The results on this page are based on 31 GTEx datasets. After preprocessing each dataset using lenient filters in order to keep data for as many genes and samples as possible, we compared methods commonly used in RNA-seq analysis to effectively construct one coexpression network per dataset (i.e. building 31 GTEx networks).
Key stages of data processing and network building tested here: 1. Within-sample normalization: counts per million (CPM), transcripts per million (TPM), and reads per kilobase per million (RPKM), 2. Between-sample normalization: quantile (QNT), trimmed mean of M-values (TMM), and upper quartile (UQ), and 3. Network transformation: weighted topological overlap (WTO) and context likelihood of relatedness (CLR).
Individual methods are in regular font (e.g. TPM normalization) and workflows are italicized (e.g. TPM, which TPM combined with no between-sample normalization and no network transformation, or TPM_CLR, which is TPM paired with just CLR).
The evaluation metrics are:
Log2(auPRC/prior); auPRC is the area under the Precision-Recall Curve, prior is the expected auPRC from a random classifier. Focus on this metric to pick the workflow that results in an overall high-quality coexpression network.

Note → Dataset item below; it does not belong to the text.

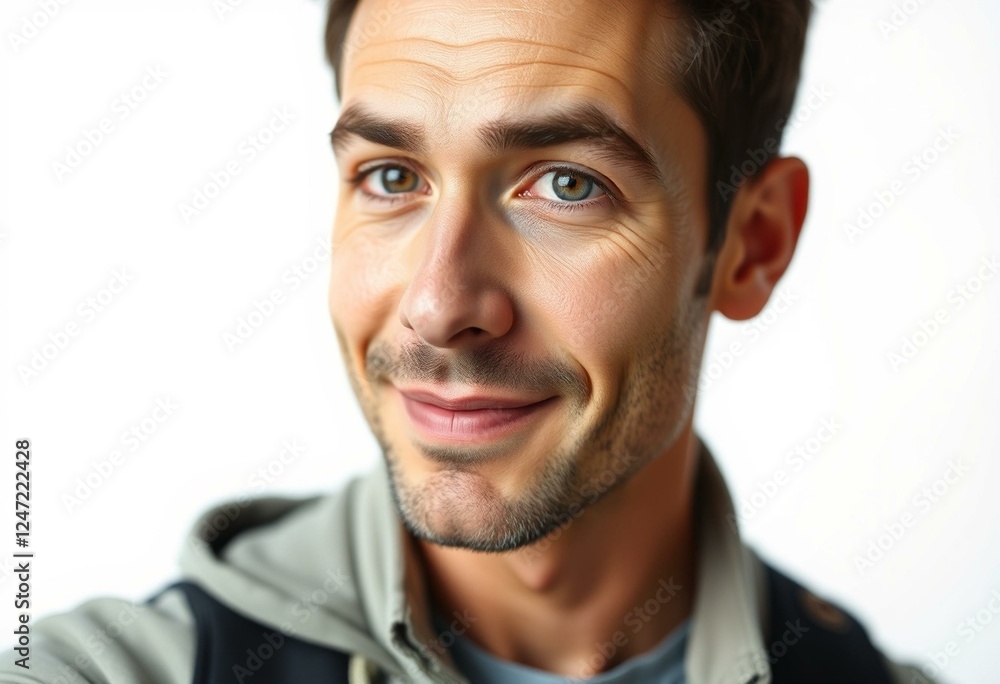 Obraz premium Half-length male portrait with calm facial expression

auROC; area under the ROC Curve. This commonly-used metric also points to overall quality of the network but is not well-suited for imbalanced problems such as predicting gene functional relationships. We include this metric here for completion.

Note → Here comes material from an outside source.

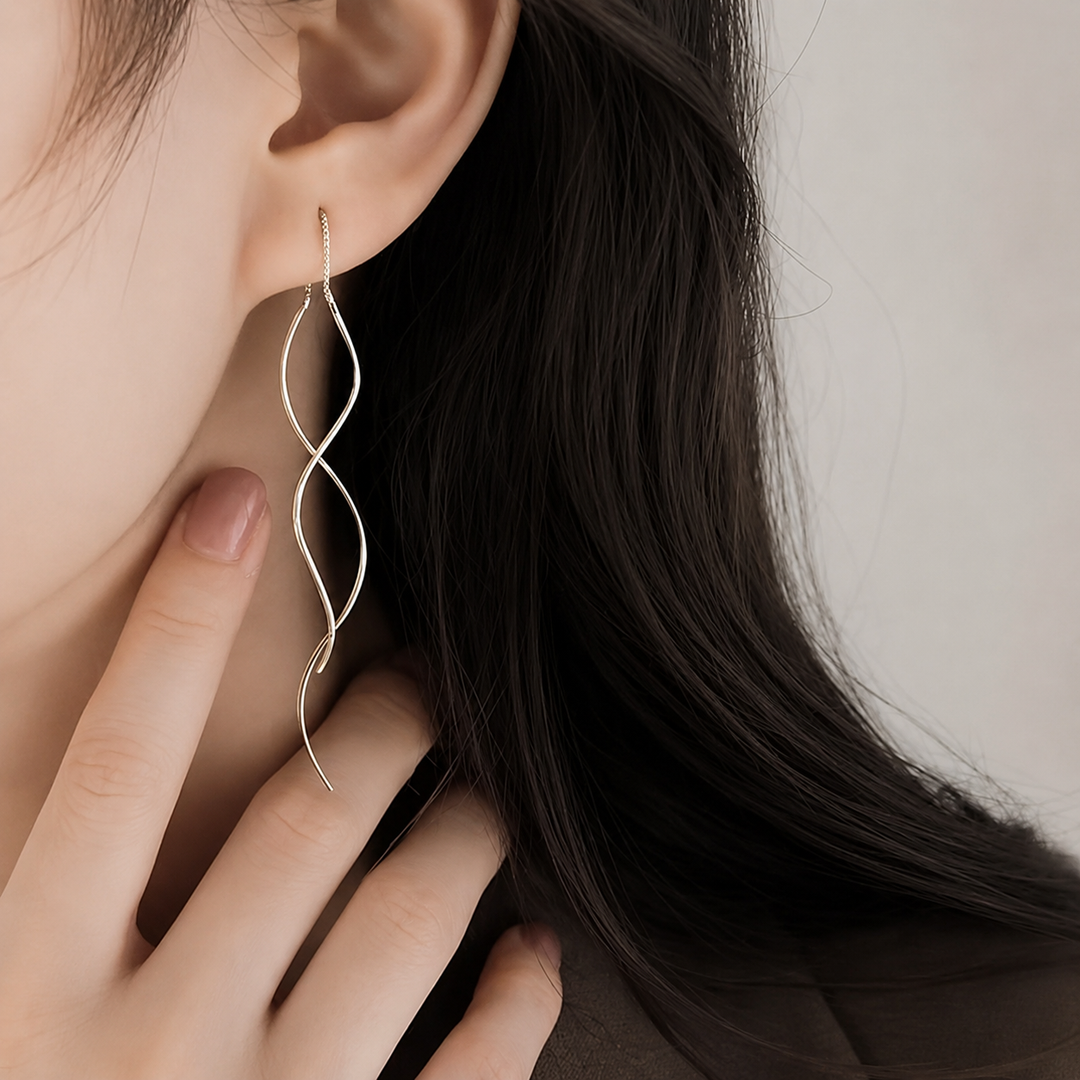 Idalina | Wave Design Threader Drop Earrings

Log2(p20r/prior); p20r is precision at 20% recall. Focus on this metric if you are interested in applying a threshold to the coexpression network and select high-scoring gene pairs for some subsequent analysis.
The evaluations are based on:
Naive standard: Experimentally-verified gene co-annotations to specific Biological Process terms in the Gene Ontology, and
Tissue-aware standard: The naive gold standard subset by genes known to be expressed in a given tissue.
Sample size refers to the number of samples used to create a network. Each barplot shows the Spearman correlation of sample size and performance for each workflow.
Sample similarity is determined by subsetting all samples to the 50% most variable genes in the tissue it came from, then calculating the spearman correlation between all sample pairs in the experiment and taking the median value. Each barplot shows the Spearman correlation of sample similarity and performance for each workflow.
Read count diversity is calulated for a given experiment by taking the standard deviation of the sum of counts in each sample. Each barplot shows the Spearman correlation of read count diversity and performance for each workflow.
Each point in the interactive scatterplots represents the performance (y-axis) of each workflow (color of the point) in each tissue (x-axis).